:: EXTRACTED DATA ::

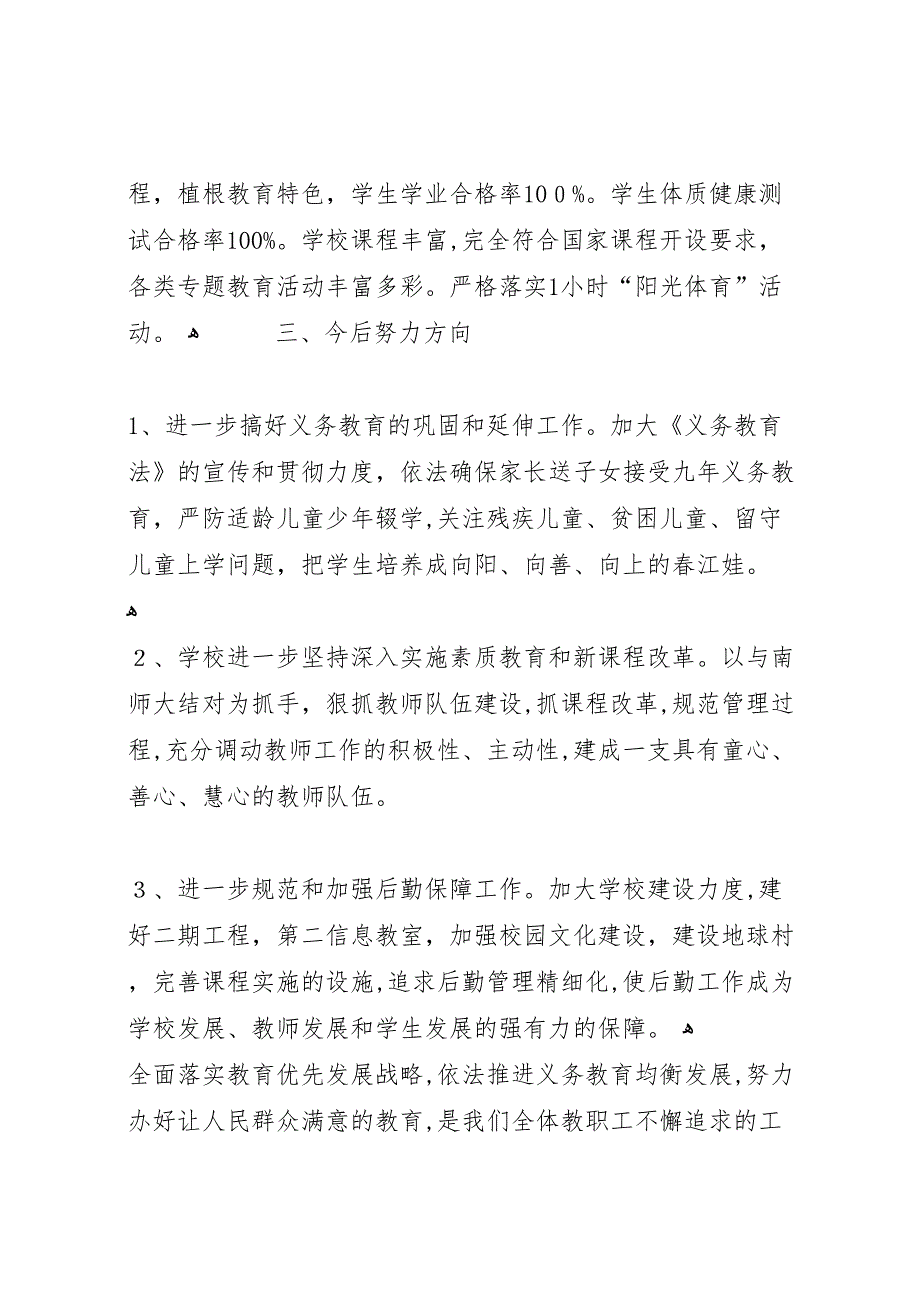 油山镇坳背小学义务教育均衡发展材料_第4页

:::
:: EXTRACTED DATA ::

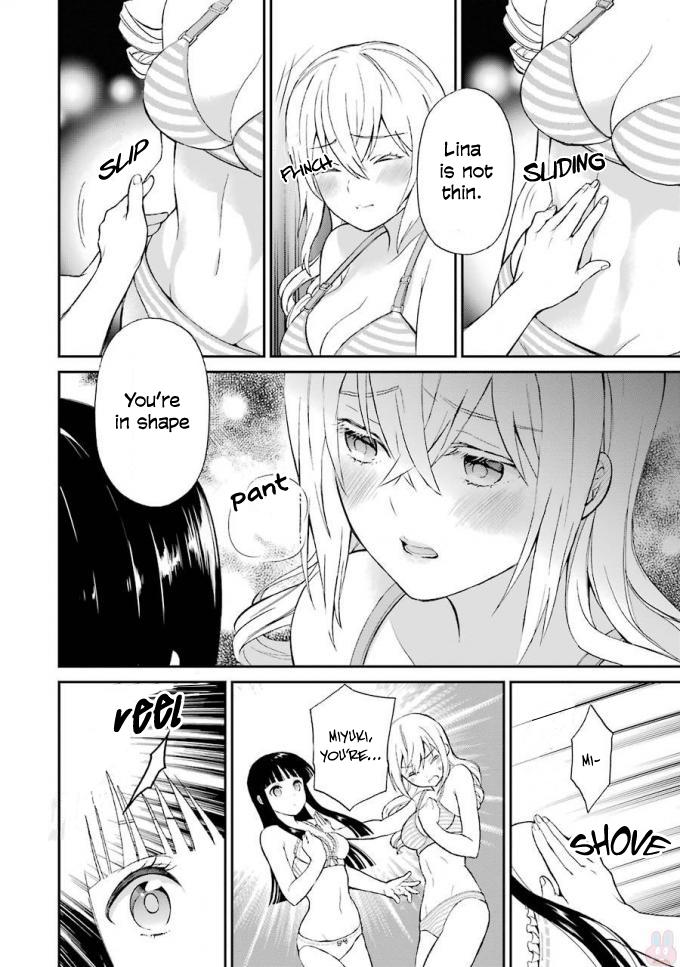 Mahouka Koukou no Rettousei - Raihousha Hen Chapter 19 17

:::
:: EXTRACTED DATA ::

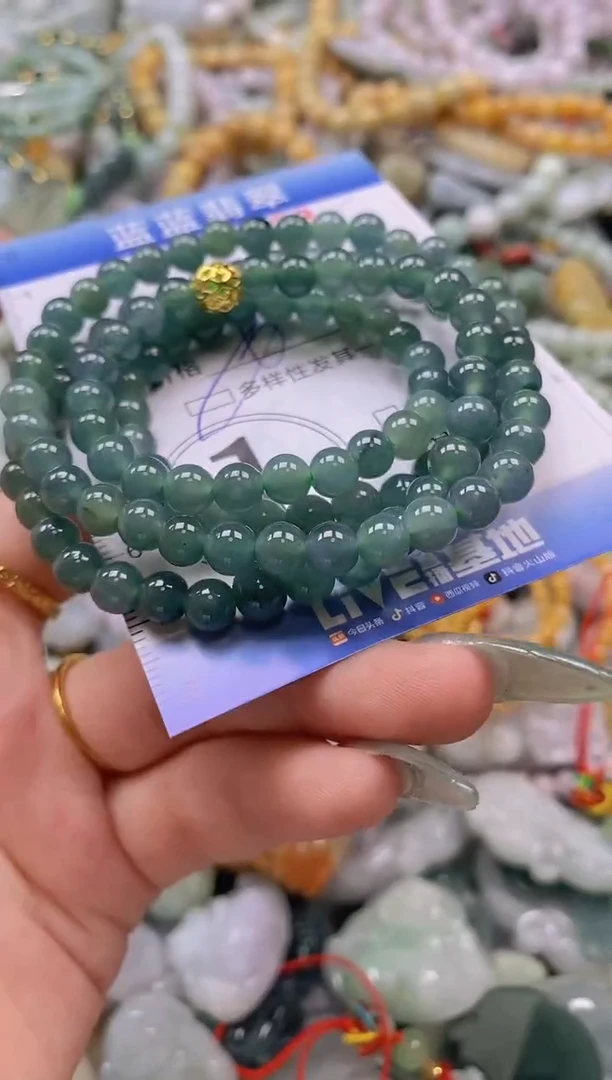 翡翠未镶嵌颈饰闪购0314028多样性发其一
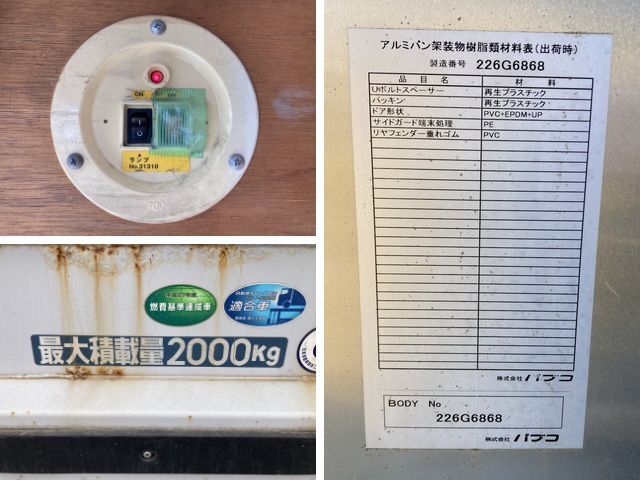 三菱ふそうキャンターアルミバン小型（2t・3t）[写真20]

:::

**DIRECTIONS FOR THIS TASK**.
From the material above, reproduce only what runs from the line holding "翡翠未镶嵌颈饰闪购0314028多样性发其一" down to the line holding "三菱ふそうキャンターアルミバン小型（2t・3t）[写真20]", both included, pictures excluded.

**RESPONSE TO THE EXERCISE**.
 翡翠未镶嵌颈饰闪购0314028多样性发其一
 三菱ふそうキャンターアルミバン小型（2t・3t）[写真20]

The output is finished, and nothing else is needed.